> [EXERCISE DETAILS] Keep the pictures out of the copy and print all the entries below exactly.

> [DATA EXCERPTS]
Segment Open

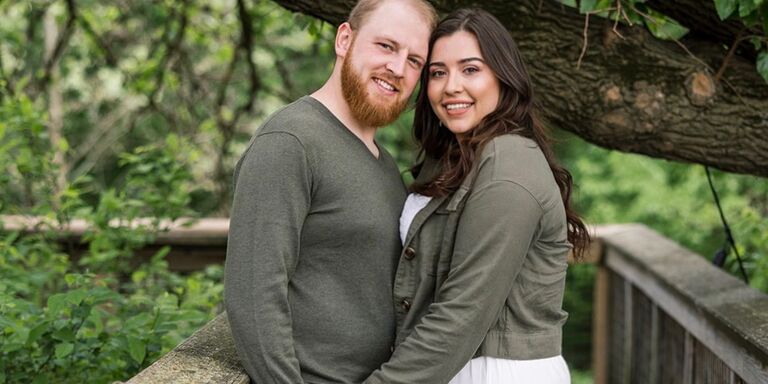 Cassandra & Brandon Home Page Banner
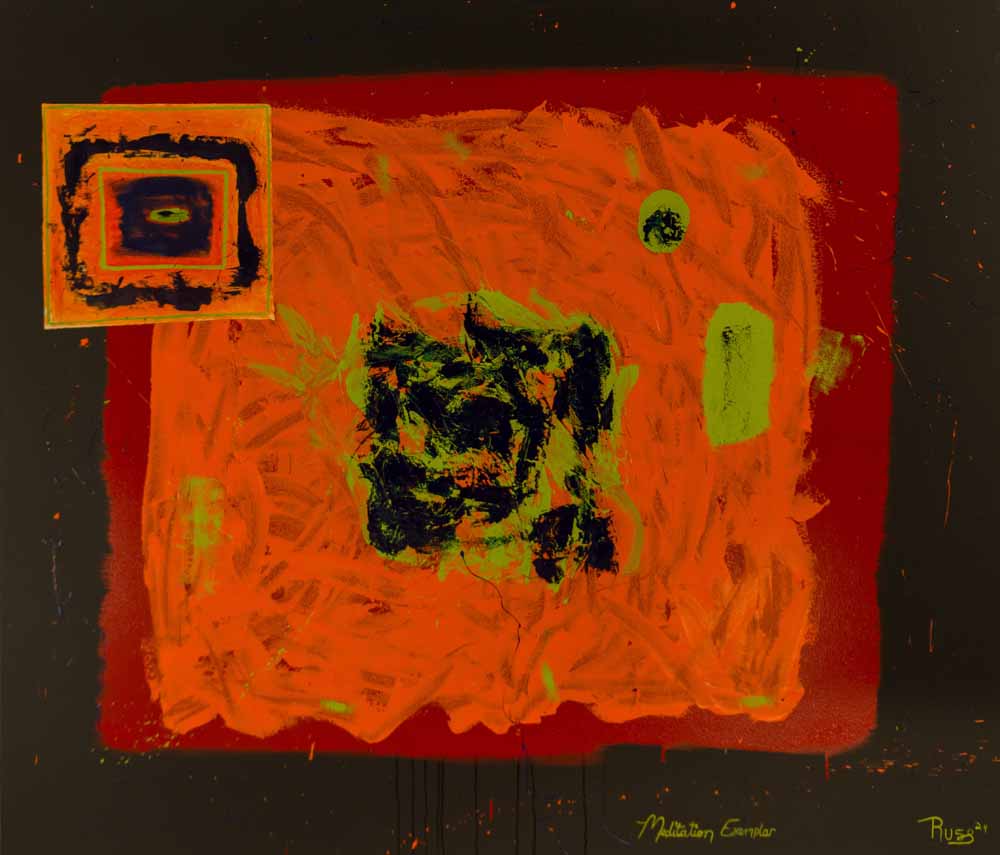 ArtAscent Distinguished Artist of the 2025 Abstraction call for artists.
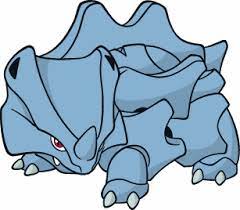 Pokemon go with horn attack move. Rhyhorn Pokemon Pokemonfakemon Wiki Fandom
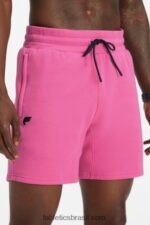 Fabletics rosa selvagem 420HR3308 o go-to curto homens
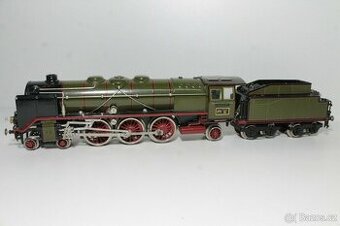 Snová parní lokomotiva Märklin Gauge 0 HR, olivově zelená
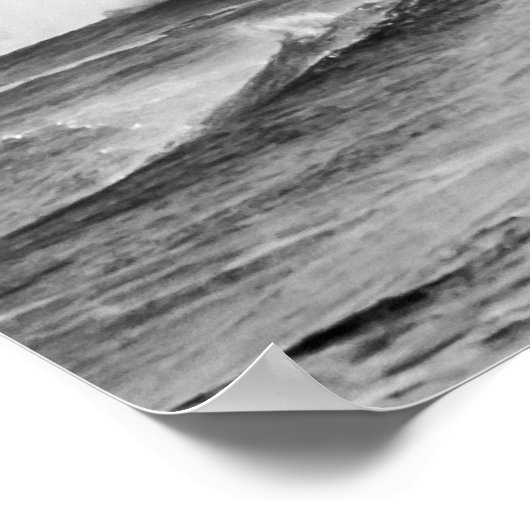 Poster Storm Seas at Roker Poster/Imprimer (Coin)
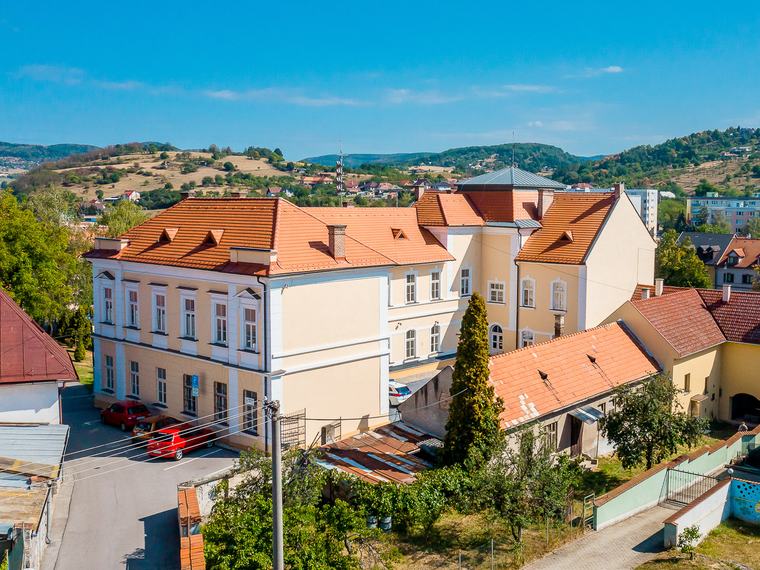 Rekonštrukcia nádvoria Mestského úradu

Segment Closed

> [EXERCISE ANSWER]
 Cassandra & Brandon Home Page Banner
 ArtAscent Distinguished Artist of the 2025 Abstraction call for artists.
 Pokemon go with horn attack move. Rhyhorn Pokemon Pokemonfakemon Wiki Fandom
 Fabletics rosa selvagem 420HR3308 o go-to curto homens
 Snová parní lokomotiva Märklin Gauge 0 HR, olivově zelená
 Poster Storm Seas at Roker Poster/Imprimer (Coin)
 Rekonštrukcia nádvoria Mestského úradu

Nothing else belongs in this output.